The equity thing is important when you have a CH7 note because so long as you have some equity, even if it's just $1 you should be able to maintain your lien. That said if you're buying a 2nd position note make sure you have updated information on the status of the 1st as interest/late fees could add up fast and quickly erase your equity as a junior lienholder. 

But otherwise bankruptcy can help clear out some debts for the borrower and put them in a better position to work things out with you. Plus you then have a contact point you know how to reach. An attorney with a phone number is much easier to work with than a homeowner who's avoiding you.

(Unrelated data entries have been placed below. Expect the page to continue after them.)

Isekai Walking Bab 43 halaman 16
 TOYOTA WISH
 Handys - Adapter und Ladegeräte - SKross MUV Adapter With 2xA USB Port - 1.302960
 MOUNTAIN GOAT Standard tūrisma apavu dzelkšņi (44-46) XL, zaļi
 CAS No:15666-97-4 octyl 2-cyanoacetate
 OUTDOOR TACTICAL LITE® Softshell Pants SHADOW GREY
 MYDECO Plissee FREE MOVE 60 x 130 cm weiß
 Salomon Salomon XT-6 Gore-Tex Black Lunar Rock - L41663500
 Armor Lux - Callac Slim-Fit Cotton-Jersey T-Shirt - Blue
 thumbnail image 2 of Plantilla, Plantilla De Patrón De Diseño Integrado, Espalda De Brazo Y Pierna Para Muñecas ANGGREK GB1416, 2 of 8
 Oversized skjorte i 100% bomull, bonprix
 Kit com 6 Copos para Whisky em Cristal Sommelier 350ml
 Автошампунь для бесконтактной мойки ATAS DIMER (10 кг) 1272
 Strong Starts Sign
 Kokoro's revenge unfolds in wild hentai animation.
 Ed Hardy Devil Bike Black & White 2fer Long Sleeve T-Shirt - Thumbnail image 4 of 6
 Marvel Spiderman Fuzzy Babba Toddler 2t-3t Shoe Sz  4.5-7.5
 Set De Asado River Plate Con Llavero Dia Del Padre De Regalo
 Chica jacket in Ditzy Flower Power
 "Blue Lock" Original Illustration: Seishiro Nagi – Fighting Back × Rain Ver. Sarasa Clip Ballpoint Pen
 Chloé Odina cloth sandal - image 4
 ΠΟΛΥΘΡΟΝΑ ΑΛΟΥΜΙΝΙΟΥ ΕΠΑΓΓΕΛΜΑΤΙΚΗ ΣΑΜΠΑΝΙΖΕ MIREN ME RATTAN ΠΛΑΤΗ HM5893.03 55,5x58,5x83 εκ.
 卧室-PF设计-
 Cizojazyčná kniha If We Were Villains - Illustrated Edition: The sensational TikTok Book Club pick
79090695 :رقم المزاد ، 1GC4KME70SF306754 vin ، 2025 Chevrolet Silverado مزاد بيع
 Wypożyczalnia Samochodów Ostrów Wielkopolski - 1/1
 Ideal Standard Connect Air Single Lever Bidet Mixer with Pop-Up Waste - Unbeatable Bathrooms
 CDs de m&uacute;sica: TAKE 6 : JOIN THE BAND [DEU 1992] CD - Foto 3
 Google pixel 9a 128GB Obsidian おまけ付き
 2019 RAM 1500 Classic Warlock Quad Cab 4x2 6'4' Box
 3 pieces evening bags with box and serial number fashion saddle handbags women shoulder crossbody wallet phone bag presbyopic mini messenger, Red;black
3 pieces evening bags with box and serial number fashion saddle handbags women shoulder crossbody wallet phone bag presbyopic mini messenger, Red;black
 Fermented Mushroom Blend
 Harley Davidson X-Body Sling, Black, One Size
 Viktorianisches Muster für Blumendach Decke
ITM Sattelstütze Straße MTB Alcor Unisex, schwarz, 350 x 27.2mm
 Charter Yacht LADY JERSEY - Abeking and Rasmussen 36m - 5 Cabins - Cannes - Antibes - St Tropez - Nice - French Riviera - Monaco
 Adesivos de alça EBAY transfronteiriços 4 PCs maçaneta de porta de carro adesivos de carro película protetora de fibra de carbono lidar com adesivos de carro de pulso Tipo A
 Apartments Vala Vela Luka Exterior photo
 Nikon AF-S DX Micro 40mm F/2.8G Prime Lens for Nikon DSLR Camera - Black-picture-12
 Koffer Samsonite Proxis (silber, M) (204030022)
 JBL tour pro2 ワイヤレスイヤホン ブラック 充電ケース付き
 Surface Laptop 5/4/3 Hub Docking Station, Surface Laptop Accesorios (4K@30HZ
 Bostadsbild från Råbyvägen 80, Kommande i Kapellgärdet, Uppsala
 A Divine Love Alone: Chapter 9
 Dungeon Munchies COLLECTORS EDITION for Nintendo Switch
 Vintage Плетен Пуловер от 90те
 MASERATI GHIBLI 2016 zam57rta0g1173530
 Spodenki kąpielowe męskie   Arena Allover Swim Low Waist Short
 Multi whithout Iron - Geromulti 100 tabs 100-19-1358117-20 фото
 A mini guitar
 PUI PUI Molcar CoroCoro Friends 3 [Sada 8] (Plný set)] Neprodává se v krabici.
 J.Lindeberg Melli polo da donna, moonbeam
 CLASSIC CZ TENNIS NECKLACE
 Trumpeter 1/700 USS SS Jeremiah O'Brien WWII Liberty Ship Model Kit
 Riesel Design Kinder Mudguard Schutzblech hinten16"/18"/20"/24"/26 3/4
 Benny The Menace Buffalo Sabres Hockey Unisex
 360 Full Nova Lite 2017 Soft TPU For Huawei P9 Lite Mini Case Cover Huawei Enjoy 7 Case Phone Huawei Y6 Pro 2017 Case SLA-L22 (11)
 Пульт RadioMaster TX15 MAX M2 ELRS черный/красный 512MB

@Mark S. Thanks for the heads up re: chapt 7's  getting scraped - I hadn't appreciated that about threm.  I thought that was only applicable to chapt 13s and that the risk for 7s was the senior foreclosing without the 2nd having equity. 

  

I bought a defaulted HELOC on a house in So. Cal. for 15 cents/dollar, borrowers had a BK7 in 2009. The UPB is $110K and it looked like there was about $100K equity in the property after the first balance of $535,000. We filed FC and the borrower sent in his loan mod papers on his first with Chase last week. Apparently there is a "deferred principal" of $131,000 with Chase that did not show up on any collateral, O& E or credit report. This was a major blind side.....

@Bob Malecki  

Thanks for sharing that.  I don't work with 2nds much so have not run into this issue.  Seems like there would be no way find this in DD unless you were to somehow get your hands on the servicing records for the 1st lien.

No problem @Sean M. My point was that equity becomes more important if you're dealing with a 2nd and there's a bankruptcy because of those things that you can't plan for. Just like @Bob Malecki was describing a situation where he did his due diligence and was later hit with something that wiped out his assumed equity, I recently found myself in a similar situation. I knew I didn't have full equity coverage on a particular 2nd I held, but I was sure I had enough to maintain the lien. Then in pursuing foreclosure it came out that the equity I thought I had wasn't really there. So while you might be able to get a better deal, there is that added potential risk.